Health & Wellness / Lifestyle

Health Promotion: A Conceptual Description

Health promotion is defined as "any combination of educational, organizational, economic and environmental supports for behavior and conditions of living conducive to health."1 Health promotion involves the process of enabling people to increase control over and improve their health. It entails a commitment to dealing with the challenges of reducing inequities, extending the scope of prevention and helping people to cope with their circumstances. It also encompasses creating environments conducive to health, in which people are able to take better care of themselves.2

Individual and community health behavior are key components of health promotion. Five levels of influence for health-related behaviors and conditions identified are:

  1. interpersonal factors such as characteristics of the individual (e.g., knowledge, attitudes, behavior, self concept, and skills);
  2. intrapersonal or individual factors (formal and informal social network and social support systems, including the family, work group);
  3. institutional or organiz- ational factors;
  4. community factors; and
  5. public policy factors.

Another key idea relates to the possibility of "reciprocal causation" between individuals and their environments, meaning that behavior influences and is influenced by the social environment. Areas of one's lifestyle that health promotion programs address and mediate include, but are not limited to, the following:

  • physical activity
  • tobacco use
  • alcohol-related problems
  • drug/substance abuse
  • injury, violence, accident prevention
  • overweight and obesity
  • environmental quality
  • responsible sexual behavior (e.g., family planning)
  • mental health
  • access to health care
  • prevention of diseases

Personal factors, such as genetic, physiological, psychological and demographic variables; environmental factors, such as hazards encountered at work, in the community, at home and during recreation; and societal factors, such as cultural and socioeconomic variables, are the base of these problems and also the targets for intervention.

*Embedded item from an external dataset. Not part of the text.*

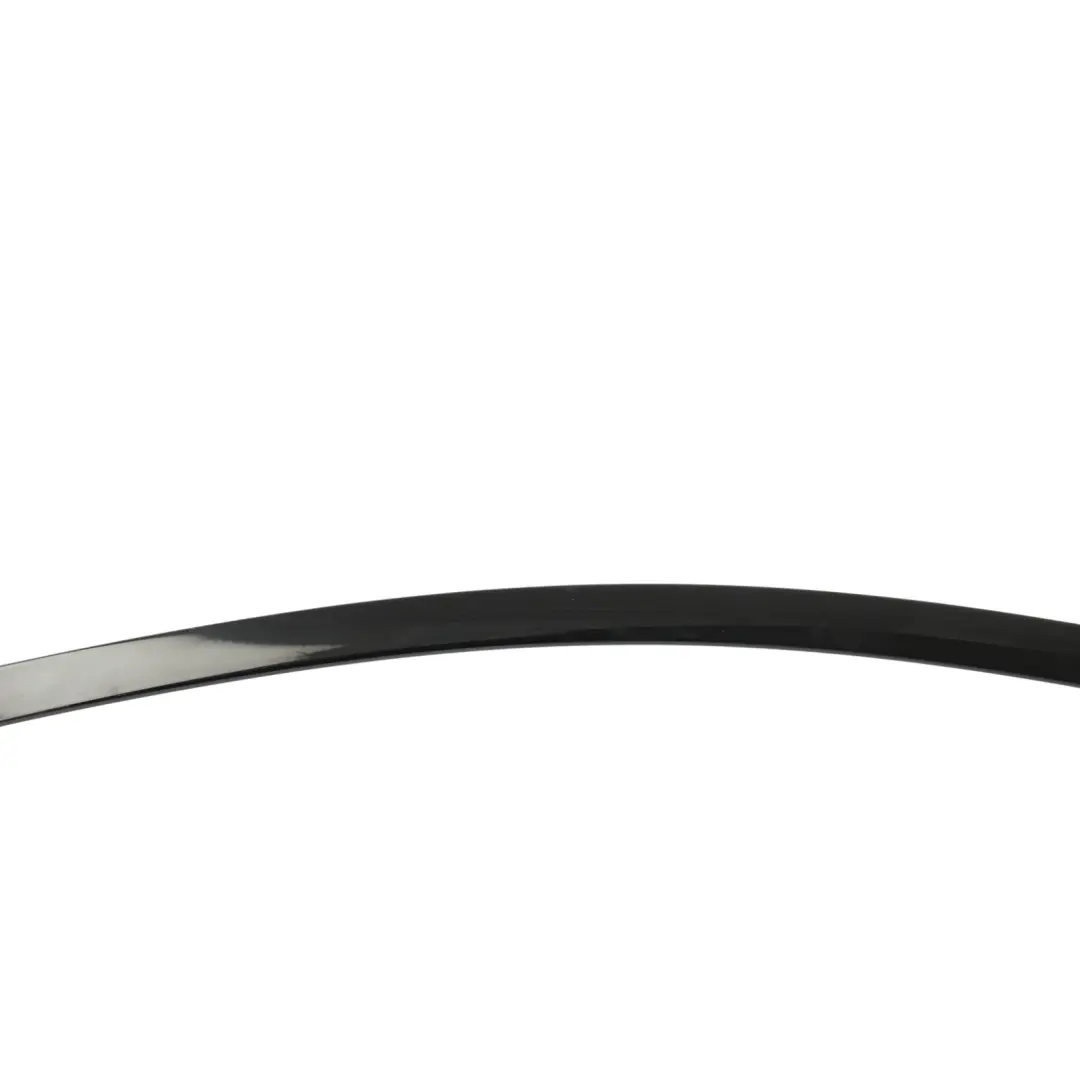 Door Window Upper Trim Strip Cover Right O/S Black to BMW G20 G28 G80 with Part number 7465170 BMW G20 G28 G80 Door Window Upper Trim Strip Cover Right O/S Black - SKU 7465170 - Part number 7465170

Interventions designed to reduce behavioral risk factors and their consequences can be community-based, work-site-based, based in health care settings, or school-based. Often, the primary care provider works with the patient individually to develop a plan that involves a number of interventions. Of primary importance are behavior change and the initiative on behalf of the patient to take responsibility for his or her own actions and lifestyle behaviors.

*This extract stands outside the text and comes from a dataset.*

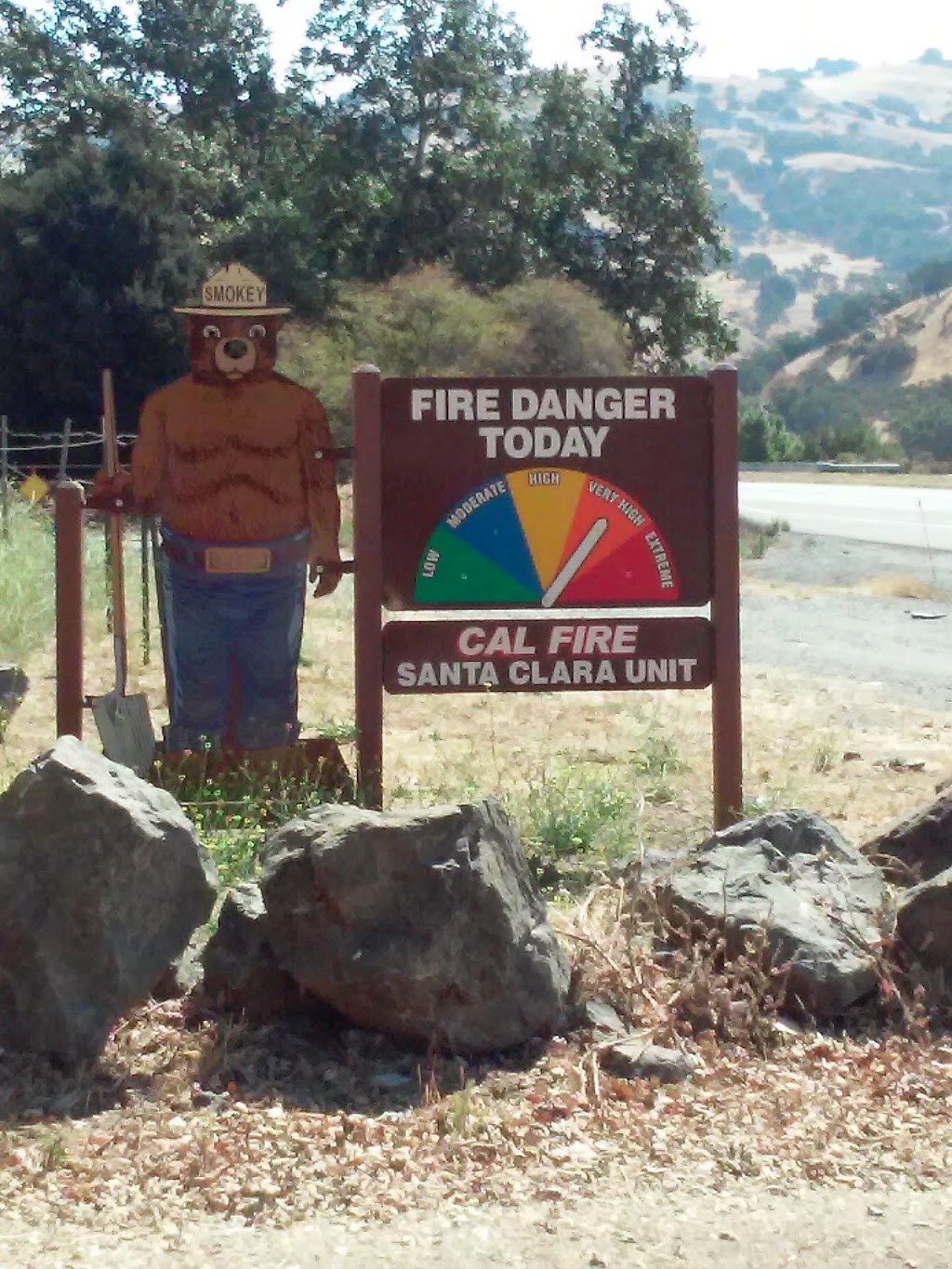 Forestry & Fire Protection | 12280 Pacheco Pass Hwy, Hollister, CA 95023, USA | Phone: (408) 842-4221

Patients must internalize the belief that modifying personal health behaviors will reduce their risk of disease and injury. Making and sustaining changes in health behavior that require acknowledging the need for change is a crucial component. For this reason, patient education and counseling are vital in preventive care and health promotion interventions.

Setting realistic goals, developing workable plans and implementing strategies for timely monitoring of the progress and for making needed changes in the patient's plan are important. Primary care providers should be skilled in how to select and use systems and resources for supporting patients' efforts and working with patients to monitor their progress. There must be a mechanism for follow-up.

Disease prevention, another component of health promotion, encompasses primary, secondary and tertiary prevention. Primary preventive measures involve entirely asymptomatic individuals (e.g., annual routine Pap smear). Secondary preventive measures identify and treat asymptomatic persons who have already developed risk factors or preclinical disease (e.g., obtaining a Pap smear to detect cervical dysplasia).

The scope of health promotion and disease prevention includes the control of communicable diseases, environmental protection, the modification of personal behaviors that affect health, and the prevention and/or reduction of the severity of noncommunicable diseases and chronic disabling conditions.

Health promotion also relates to the individual and/or population's level of health consciousness. There have been some favorable trends in the incidence of death and disability in the United States due to this increased awareness.

Health promotion is a ripe area for research. Social and behavioral research to expand our knowledge of risk-taking and risk-aversive behaviors; prevention of addictive behavior; and motivational factors necessary for adopting health-promoting behaviors are several examples of such research that we can become involved in.

Healthy People 2010 is managed by the Office of Disease Prevention and Health Promotion, a component of the U.S. Department of Health and Human Services. It challenges individuals, communities, and professionals to take specific steps to ensure good health and long life are enjoyed by all. It provides a framework for prevention for the nation. It is a statement of national health objectives designed to identify the most significant preventable threats to health and to establish national goals to reduce these threats.3

The first goal of Healthy People 2010 is to help individuals of all ages increase life expectancy and improve their quality of life. The United States spends more on health care than any other nation. In the year 2000, for example, $690 billion was spent, 40 percent of which was in one's last month of life.

Prevention accounts for only 3 percent of health care expenditures in the U.S. In a chiropractor's practice, health promotion can include helping patients and/or the community to protect the environment, control communicable diseases, modify personal behaviors that affect health and educate patients on how to prevent or reduce the severity of noncommunicable and chronic disabling conditions.

The incidence, morbidity and mortality of certain diseases are disproportionately higher among disadvantaged and minority populations. For example, the life expectancy of a black infant at birth is about seven years less than that of a white infant; the death rate for black infants is nearly double that of whites. The reasons are multifactorial.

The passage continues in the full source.